These sound like solid thoughts on both counts, thanks Bruce.

In response Al then posted what seems to be WNMU's projected spending plan for that $6m, half going to Harlan Hall and other half slated for campus grounds improvements. So do we agree that WNMU's spending plan constitutes "good use", and are we "convinced" that's where the money will actually go?

Honestly I'm unsettled about spending $3m on twinkling lights and statues. I like walking around the university, it's got a good feel, it's a good environment, twinkling lights and statues might make it even more enjoyable. But I think I'd rather see that $3m spent on capitol improvements that support academics. In that respect I like the Harlan Hall part of the plan a little better, but there too I'm unsettled.

Al noted, rightly so, that nearly half of WNMU's students are taking classes on line, which would seem to negate the need for investing in any improved infrastructure. Certainly more housing wouldn't seem like an essential expenditure. On the other hand, Harlan Hall is the University's sciences building. By its nature science involves hands on use of instruments and analysis equipment, lab and infield data acquisition systems, holding a test tube over a Bunsen burner. Science is an area of study that doesn't really lend itself to online classes all that well; imagine trying to learn how to drive a car by watching YouTube videos. You need stuff, you need to learn how to apply, handle and calibrate that stuff, and you need a place where that stuff can be housed and used. Maybe construction work on Harlan Hall would be a valid place to put those funds.

On the other hand, the path to really building a strong science program is through research and publication. When the St. Mary's property was purchased its intended use was still under consideration, slated for either housing or the development of an R&D park, the latter of which would seem to be the better objective. In fact though, neither are mentioned as being a part of WNMU's Part D spending plan. Moreover, WNMU's $6m is only about 4% of the whole Part D revenue allotment. The rest of the $130m would be going to other schools whose expenditure plans we know basically nothing about, only that they're schools somewhere in New Mexico. Santa Fe Community College says they want to spend two million dollars to, "plan, design, construct, purchase, install, furnish and equip campus wide infrastructure improvements." Now really, does that tell us anything at all? They may as well have just said if you vote to give us this two million bucks we'll figure out how to spend it on something around here. And the plans submitted from our other schools aren't any less vague.

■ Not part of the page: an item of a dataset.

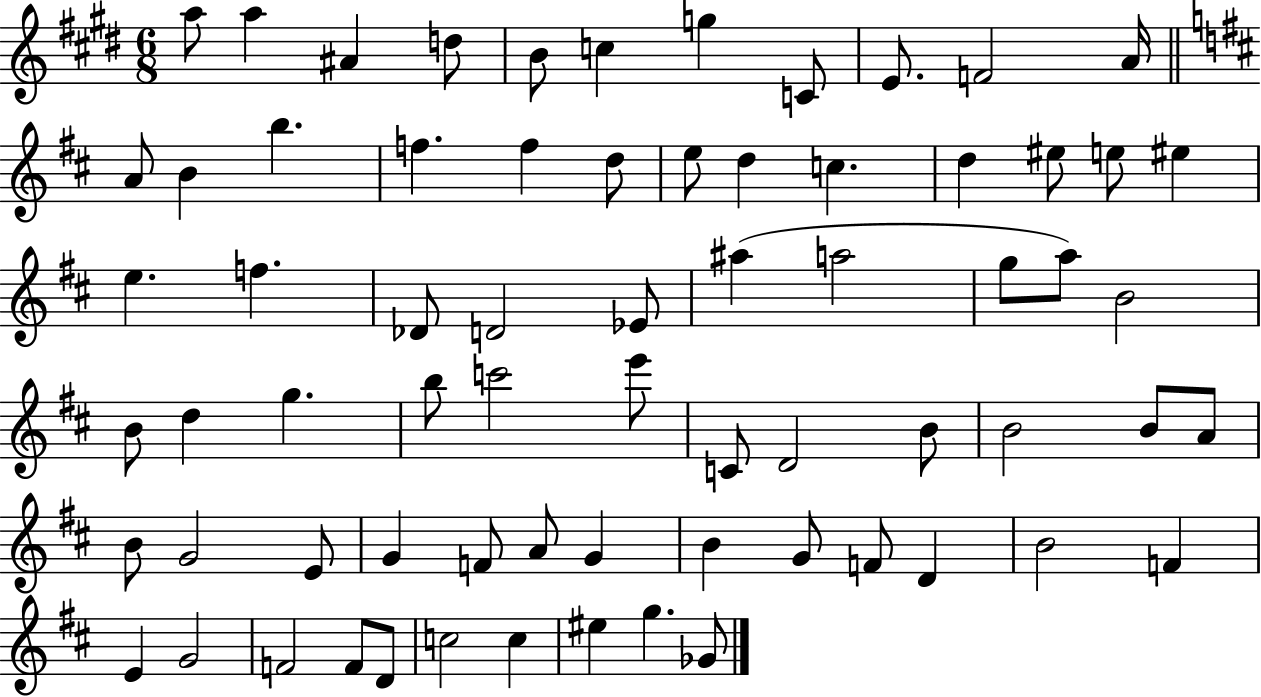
A5/e A5/q A#4/q D5/e B4/e C5/q G5/q C4/e E4/e. F4/h A4/s A4/e B4/q B5/q. F5/q. F5/q D5/e E5/e D5/q C5/q. D5/q EIS5/e E5/e EIS5/q E5/q. F5/q. Db4/e D4/h Eb4/e A#5/q A5/h G5/e A5/e B4/h B4/e D5/q G5/q. B5/e C6/h E6/e C4/e D4/h B4/e B4/h B4/e A4/e B4/e G4/h E4/e G4/q F4/e A4/e G4/q B4/q G4/e F4/e D4/q B4/h F4/q E4/q G4/h F4/h F4/e D4/e C5/h C5/q EIS5/q G5/q. Gb4/e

Actually by comparison Joe Shepard's idea for statues and twinkling lights is starting to sound pretty good, at least he's being specific...

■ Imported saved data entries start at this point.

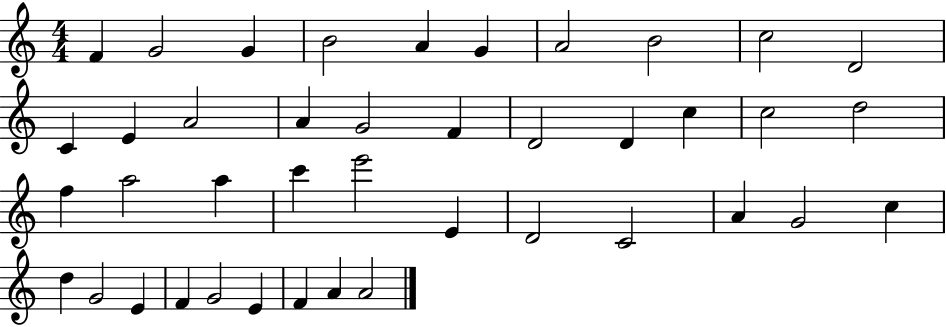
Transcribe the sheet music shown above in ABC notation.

X:1
T:Untitled
M:4/4
L:1/4
K:C
F G2 G B2 A G A2 B2 c2 D2 C E A2 A G2 F D2 D c c2 d2 f a2 a c' e'2 E D2 C2 A G2 c d G2 E F G2 E F A A2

So we can analyze, criticize, hypothesize and conceptualize this all we want, in the end how much closer do we come to deciding if we're going to vote For or Against Bond D on Election Day? Can some kind of thought experiment get us any better informed on this? Should we just hold our nose and flip a coin? I've got the whole rest of my sample ballot figured out, this is the only choice I'm hung on. I'm feeling like I'd like to vote yes, I just wish I could come up with a reason to do that.